Indie quirk in all it's predictably monotony does little more than elicit a smile.
A lighthearted romantic comedy with few surprises, Forev is the sort of film that does little more than induce a smile. The film opens with Sophie (Noël Wells of recent SNL fame) drunkenly stumbling into her neighbor Pete’s (Matt Mider) apartment with a man she’s just picked up. In this moment, we see more of her and Pete’s characters through their non-verbal communication than through dialogue, establishing her naïve, scatterbrained personality and his plain awkwardness. The problem is that this isn’t due to fantastic acting, but because we’ve seen these characters before – over and over to be honest. Indie rom-coms are up to their ears in quirky, artistically inclined women and sensitive, socially inept men. Nevertheless, the exchange is certainly amusing to witness, and in many ways relatable, despite its oddities.
After realizing just how unworthy her temporary hookup was, and after a discouraging audition for a hot dog commercial the next day, Sophie finds herself in Pete’s apartment yet again, seeking comfort from his carpet. The neighbors become friends and Sophie decides to accompany Pete on a six-hour journey to Phoenix to pick up Pete’s sister Jess (Amanda Bauer) from college. Make no mistake: both Wells and Mider are incredibly talented actors, and as the film progresses, their chemistry is clear, and it’s not hard to believe the two have known each other for some time. Eventually Sophie admits to having a crush on Pete, and the two somehow arrive at the conclusion that they should get married, their discussion of it making the idea seem somewhat plausible. Naturally, Jess does not feel the same way upon learning about her brother’s engagement, particularly given that she has just been dumped by her long-term boyfriend.
And so, with a main cast of just three people, Forev attempts to handle the subject of marriage with a slight hand, never venturing into territory that might be controversial. Indeed, the film never aims to achieve anything beyond the surface, content with providing entertainment that even in its darkest moments is still cheerful. When the car breaks down on their journey home and the three are stranded at a motel overnight, they decide to get drunk to help Jess through her emotional turmoil. With the way they all act within the bar, however, it’s not surprising that Sophie and Pete wake up the next morning to find Jess missing, and are thrown into their first problem together. Under the stress of searching for Jess, the anxieties of the two become magnified, and they begin to realize that their impulsive decision may not have been for the best.
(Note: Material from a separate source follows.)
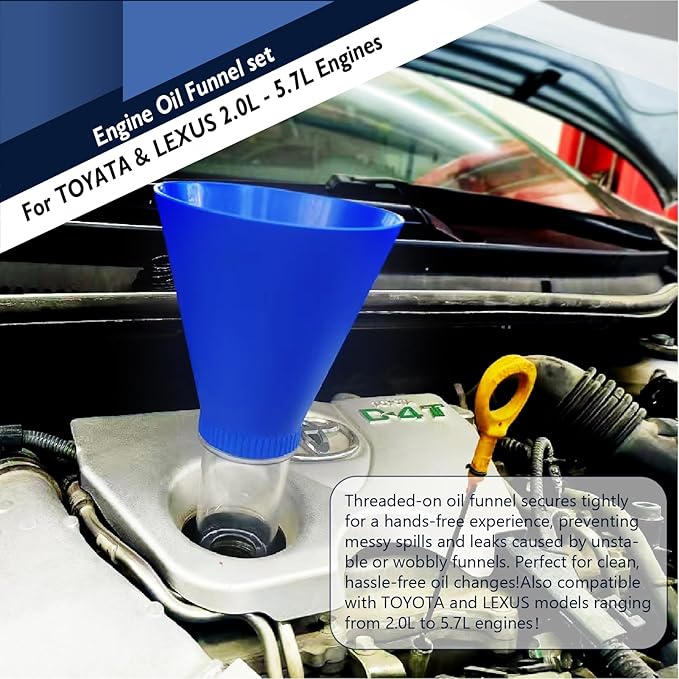 Oil Change Kit with Magnetic Drain Plug & Oil Filter for Toyota/Lexus 2.0L-5.7L 64mm Filter Wrench, Drain Tool, Oil Funnel,Gloves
The film focuses heavily on the emotions of its characters, with each character making decisions based purely on emotion. The problem with this being that the characters’ emotions are entirely predictable and very few of their actions come as a surprise. Additionally, though the actions the characters take might be believable, the things they say often aren’t; speaking in a dialect purely reserved for the “quirky indie character”, it’s often as though they are all trying to channel their inner Zooey Deschanel. Paired with an ending that somewhat belies its organic atmosphere, the film struggles to be honest to itself, instead settling for being charming (although this trade-off isn’t entirely amiss, it’s rather underwhelming).
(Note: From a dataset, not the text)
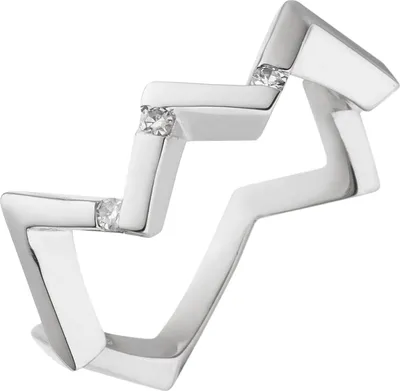 Produktbild von Ring Zickzack aus 925 Silber mit 3 Diamanten Brillanten 0,06 Ct glänzend Innenumfang 56mm Ø17.8mm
If you watch a lot of independent film, chances are you’ve already seen everything Forev has to offer. That’s not to say the film is bad – in fact, if anything it’s an indication to the quality of the film, given the real gems coming from indie cinema these days. What it does say, however, is that writer/directors Molly Green and James Leffler rely a little too strongly on established patterns to tell their story, thus suppressing their own creativity. The talent is clearly there – it just suffers from a case of being too conventionally unconventional.